Upon our crossing into Utah we were shocked, it felt like we were in a desert wasteland. It turns out, we were in the Dinosaur Diamond, where you can stop and explore archeological sites and hunt for your very own fossils. The beauty of Utah began when we went passed the Strawberry Reservoir, a massive lake that spanned as far as I could see. As we cruised down Provo Canyon we were again struck with the feeling of insignificance when compared to the millions of years old geological formations around us.
We arrived at Nichole and Jason’s lovely home and they treated us to a delicious, filling meal. For the past week I had felt like I was living the “starving artist” lifestyle. We had been living on one main meal a day, which might work for Mr. Chase Vreeland, but was making me a very hungry gal. Thus said, we curled into our cozy bed and fell fast asleep, with a full stomach. There is no better feeling than falling asleep in a warm bed after shivering in a sleeping bag for the past seven nights.
Today we ventured out into Provo Canyon. We hit our first hurdle the moment we stepped outdoors, the temperature. It was hot. We had become accustomed to the mild temperature in the Colorado mountains and now had to adjust to the sunny, dry heat of the valley. Alas, we were instantly cooled as we began climbing the rocks of Bridal Veil Falls. The mist of the falls was icy cold and showered us with refreshing, natural air conditioners. I have seen waterfalls in Costa Rica, Peru, Ecuador, and of course Niagara Falls, but nothing has compared to the moment I spent under the Bridal Vail falls. It wasn’t because of the sheer size of the waterfall, it wasn’t the largest fall that I had seen, but it was the closest I had ever been to such a force of nature. I stood under the fall and looked up for what felt like forever. All of my thoughts seemed to disappear and all I felt was the cool water landing on my skin.
The next place of interest on our agenda was Vivian Park. Jason and Nichole had given us very detailed directions to reach the “Hippie Rock.” The Hippie Rock lies in the middle of the Provo River and is surrounded by currents that swirl down and around. We parked our car and headed East on the railroad tracks until we saw The Rock. Lucky for us, there was a gentleman there who gave us the full lowdown on the rock. His name was Ryan, he likes to drink lots of beer, smoke even more cigarettes, listen to Eminem and hang out at the rock on his days off from working as one of the Head Chefs at Panda Express. There is only one way to swim to the rock without being injured by the current and Ryan showed us the way. There is also only one place you want to jump off the rock, without slamming into other rocks, and Ryan showed us the way. He also informed us that the best way to jump is to begin spinning in the water once you land, so that the force of the current will whip you around even faster. Ryan also has a dog, whose name is Snoop-a-loop. I am not quite sure if I had more fun jumping off the rock or getting to know this slightly loony man, Ryan.
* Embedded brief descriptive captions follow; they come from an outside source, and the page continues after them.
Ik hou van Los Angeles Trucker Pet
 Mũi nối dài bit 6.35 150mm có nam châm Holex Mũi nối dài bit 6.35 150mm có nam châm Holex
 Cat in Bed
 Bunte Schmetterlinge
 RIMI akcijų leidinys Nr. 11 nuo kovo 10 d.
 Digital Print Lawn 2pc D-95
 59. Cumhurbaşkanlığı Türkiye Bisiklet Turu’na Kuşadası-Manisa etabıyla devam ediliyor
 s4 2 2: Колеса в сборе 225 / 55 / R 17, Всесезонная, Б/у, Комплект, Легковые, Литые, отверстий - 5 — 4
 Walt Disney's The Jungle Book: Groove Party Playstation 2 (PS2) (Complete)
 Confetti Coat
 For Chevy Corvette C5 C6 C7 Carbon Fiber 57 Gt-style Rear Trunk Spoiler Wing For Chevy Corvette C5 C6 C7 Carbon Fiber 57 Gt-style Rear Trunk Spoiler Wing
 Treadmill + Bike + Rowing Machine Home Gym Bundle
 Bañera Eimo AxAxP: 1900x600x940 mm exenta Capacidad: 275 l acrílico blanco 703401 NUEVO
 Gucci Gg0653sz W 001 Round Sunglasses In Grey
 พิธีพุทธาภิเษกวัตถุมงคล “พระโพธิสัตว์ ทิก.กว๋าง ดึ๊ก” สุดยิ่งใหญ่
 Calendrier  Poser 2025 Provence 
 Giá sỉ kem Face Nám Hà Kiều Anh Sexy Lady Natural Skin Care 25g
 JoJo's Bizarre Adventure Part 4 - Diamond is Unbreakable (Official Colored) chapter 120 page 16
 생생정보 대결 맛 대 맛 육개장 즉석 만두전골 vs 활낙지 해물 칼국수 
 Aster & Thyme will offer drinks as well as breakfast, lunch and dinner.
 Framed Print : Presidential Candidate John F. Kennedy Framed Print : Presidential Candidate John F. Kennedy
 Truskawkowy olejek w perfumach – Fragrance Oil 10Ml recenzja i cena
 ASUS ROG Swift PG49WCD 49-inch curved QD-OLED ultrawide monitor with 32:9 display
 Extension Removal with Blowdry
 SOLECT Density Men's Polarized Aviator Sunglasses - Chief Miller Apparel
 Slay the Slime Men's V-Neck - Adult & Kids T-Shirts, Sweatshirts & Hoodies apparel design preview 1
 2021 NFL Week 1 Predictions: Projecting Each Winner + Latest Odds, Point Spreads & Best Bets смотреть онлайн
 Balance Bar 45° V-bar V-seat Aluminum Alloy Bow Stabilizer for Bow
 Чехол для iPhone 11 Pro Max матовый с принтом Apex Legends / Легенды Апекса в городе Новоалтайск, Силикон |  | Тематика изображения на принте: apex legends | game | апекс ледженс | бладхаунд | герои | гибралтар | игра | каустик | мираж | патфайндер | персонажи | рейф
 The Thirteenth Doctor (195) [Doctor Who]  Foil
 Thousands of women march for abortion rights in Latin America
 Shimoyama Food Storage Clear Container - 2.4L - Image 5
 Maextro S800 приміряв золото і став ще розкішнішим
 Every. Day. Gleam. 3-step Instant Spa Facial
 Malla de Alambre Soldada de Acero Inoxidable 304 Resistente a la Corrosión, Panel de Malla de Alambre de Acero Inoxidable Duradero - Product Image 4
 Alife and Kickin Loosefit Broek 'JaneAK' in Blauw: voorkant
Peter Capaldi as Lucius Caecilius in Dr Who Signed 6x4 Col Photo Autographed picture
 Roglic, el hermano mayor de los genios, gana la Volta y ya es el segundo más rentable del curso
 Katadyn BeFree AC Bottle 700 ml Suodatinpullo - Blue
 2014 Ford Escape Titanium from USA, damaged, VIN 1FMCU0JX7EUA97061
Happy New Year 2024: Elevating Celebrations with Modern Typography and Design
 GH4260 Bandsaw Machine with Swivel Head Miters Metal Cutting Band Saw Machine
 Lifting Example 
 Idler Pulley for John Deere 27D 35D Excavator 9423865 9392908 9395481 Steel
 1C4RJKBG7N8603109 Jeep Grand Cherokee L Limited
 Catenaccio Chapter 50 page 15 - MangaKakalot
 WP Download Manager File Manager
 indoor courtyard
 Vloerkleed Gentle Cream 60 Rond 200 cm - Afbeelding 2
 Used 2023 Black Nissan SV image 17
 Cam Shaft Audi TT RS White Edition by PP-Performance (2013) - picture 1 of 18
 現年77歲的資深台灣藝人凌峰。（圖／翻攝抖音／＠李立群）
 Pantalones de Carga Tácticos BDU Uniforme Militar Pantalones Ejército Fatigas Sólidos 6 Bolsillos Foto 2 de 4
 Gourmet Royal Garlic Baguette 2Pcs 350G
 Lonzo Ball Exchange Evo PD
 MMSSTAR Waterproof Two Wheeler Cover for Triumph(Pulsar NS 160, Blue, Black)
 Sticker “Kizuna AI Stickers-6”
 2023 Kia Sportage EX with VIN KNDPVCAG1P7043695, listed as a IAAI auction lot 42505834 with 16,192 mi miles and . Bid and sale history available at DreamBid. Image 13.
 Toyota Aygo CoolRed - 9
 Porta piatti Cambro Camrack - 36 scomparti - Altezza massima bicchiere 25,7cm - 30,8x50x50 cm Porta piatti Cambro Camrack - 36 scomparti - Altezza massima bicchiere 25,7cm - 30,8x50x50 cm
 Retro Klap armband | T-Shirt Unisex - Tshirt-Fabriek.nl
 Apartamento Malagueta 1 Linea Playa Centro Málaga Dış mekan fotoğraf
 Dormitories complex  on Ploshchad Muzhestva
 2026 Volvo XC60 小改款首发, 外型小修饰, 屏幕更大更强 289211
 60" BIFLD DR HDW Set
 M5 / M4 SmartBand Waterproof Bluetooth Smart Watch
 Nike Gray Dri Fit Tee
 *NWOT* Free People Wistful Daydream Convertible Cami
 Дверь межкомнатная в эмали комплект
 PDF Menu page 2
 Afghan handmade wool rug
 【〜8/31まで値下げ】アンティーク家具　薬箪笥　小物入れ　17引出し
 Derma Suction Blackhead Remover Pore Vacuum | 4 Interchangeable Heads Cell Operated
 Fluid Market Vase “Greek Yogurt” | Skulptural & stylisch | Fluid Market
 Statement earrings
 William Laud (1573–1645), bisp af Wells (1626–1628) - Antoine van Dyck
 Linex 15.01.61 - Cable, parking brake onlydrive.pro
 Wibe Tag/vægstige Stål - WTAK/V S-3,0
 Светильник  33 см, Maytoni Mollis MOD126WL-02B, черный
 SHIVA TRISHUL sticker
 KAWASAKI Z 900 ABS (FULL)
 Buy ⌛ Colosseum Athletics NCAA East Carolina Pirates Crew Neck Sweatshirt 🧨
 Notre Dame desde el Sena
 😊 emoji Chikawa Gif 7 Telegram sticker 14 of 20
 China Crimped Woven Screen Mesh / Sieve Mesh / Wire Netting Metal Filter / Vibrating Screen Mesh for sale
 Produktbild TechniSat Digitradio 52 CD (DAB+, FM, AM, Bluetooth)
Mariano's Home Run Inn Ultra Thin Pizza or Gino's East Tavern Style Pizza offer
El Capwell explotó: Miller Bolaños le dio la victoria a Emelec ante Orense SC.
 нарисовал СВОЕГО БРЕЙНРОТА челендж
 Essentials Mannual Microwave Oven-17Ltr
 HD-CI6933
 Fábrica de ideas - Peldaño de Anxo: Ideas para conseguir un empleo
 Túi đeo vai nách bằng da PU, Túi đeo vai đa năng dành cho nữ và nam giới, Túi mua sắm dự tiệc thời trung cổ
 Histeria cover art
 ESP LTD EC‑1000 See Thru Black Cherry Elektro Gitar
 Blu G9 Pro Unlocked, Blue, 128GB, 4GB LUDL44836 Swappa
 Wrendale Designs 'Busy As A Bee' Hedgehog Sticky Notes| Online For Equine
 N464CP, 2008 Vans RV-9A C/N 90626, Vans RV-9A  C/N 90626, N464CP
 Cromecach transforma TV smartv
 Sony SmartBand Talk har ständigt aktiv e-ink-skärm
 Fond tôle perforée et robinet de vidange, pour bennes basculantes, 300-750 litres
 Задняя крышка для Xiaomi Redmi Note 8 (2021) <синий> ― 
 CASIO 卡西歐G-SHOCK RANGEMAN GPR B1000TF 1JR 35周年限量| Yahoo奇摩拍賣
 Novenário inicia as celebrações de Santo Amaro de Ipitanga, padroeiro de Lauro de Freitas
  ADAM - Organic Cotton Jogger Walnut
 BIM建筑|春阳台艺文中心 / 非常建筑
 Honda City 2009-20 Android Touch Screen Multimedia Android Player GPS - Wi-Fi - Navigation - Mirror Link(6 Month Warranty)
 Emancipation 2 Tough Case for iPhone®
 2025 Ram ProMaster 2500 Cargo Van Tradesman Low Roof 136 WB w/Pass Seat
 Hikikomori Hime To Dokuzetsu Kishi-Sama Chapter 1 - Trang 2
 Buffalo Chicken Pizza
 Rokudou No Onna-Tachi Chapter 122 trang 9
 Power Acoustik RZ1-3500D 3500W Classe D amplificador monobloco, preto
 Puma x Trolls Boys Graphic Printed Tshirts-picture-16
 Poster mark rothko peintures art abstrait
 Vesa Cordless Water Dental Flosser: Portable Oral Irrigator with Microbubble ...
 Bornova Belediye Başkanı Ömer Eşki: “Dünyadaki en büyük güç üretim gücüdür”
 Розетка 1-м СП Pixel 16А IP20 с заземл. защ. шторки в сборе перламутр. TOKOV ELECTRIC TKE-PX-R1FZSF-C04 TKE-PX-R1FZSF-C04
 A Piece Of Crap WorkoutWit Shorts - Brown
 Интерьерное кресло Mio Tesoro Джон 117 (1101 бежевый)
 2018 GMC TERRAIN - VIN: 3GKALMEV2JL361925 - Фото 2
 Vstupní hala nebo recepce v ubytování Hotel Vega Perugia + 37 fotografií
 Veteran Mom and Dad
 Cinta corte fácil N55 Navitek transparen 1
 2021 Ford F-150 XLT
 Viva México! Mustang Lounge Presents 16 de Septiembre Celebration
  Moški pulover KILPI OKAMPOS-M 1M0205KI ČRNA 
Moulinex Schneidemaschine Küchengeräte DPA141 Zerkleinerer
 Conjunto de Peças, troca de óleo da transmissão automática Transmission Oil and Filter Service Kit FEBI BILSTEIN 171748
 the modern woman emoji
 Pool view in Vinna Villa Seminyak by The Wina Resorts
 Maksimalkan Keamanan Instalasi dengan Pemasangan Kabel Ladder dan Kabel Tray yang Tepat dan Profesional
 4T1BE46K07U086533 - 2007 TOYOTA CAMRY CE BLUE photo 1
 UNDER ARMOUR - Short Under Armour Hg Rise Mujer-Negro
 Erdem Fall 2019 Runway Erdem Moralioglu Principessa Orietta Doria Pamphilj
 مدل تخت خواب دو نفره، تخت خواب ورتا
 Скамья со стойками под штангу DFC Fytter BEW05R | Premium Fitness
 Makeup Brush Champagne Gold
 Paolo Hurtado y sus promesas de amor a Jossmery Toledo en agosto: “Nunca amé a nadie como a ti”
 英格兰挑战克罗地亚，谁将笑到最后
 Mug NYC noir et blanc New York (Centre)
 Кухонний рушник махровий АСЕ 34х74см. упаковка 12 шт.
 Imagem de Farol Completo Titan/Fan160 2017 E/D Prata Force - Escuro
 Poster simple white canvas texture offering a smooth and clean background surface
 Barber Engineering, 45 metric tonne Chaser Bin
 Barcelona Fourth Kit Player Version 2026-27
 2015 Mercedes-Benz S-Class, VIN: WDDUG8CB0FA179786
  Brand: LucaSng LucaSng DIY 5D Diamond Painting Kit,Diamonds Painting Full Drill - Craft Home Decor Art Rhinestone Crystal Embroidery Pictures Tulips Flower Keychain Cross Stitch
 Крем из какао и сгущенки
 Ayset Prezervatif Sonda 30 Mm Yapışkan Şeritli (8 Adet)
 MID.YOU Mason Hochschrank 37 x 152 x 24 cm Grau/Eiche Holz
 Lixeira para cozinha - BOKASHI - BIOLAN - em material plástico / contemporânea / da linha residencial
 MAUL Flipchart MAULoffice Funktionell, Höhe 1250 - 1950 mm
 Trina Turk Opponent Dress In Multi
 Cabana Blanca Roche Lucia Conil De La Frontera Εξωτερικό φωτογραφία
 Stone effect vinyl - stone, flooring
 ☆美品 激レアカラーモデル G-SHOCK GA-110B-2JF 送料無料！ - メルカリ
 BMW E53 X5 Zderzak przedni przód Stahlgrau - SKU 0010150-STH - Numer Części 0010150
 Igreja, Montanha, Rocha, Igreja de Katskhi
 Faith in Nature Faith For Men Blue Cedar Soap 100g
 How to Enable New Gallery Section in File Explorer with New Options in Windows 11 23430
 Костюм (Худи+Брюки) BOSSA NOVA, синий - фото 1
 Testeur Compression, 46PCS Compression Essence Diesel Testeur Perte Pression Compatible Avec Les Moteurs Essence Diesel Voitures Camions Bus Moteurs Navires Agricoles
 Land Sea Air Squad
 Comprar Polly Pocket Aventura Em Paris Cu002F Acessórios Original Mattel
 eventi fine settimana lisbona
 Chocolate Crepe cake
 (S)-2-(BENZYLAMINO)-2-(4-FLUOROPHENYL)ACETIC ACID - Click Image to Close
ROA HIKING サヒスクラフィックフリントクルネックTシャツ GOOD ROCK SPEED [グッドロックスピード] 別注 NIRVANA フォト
As I write this, I am starting to understand what made Ryan so off. As he informed us, he spends every moment of his free time at the rock. Now, believe me when I tell you that the water around the rock is cold. I am from Minnesota and I know what lake water cold feels like, this was much colder. This was melted snow water cold. It wasn’t the type of water that you get used to, it’s the type of water that numbs your limbs. It may even numb your brain – at least that’s my Ryan theory.
The next time you hear from us, we will be back on the farm. We are excited about our next farm, because they are very active in the farmer’s market scene. I can just imagine having the time of my life passing vegetables to eager customers and coming up with recipes for the newly harvested produce.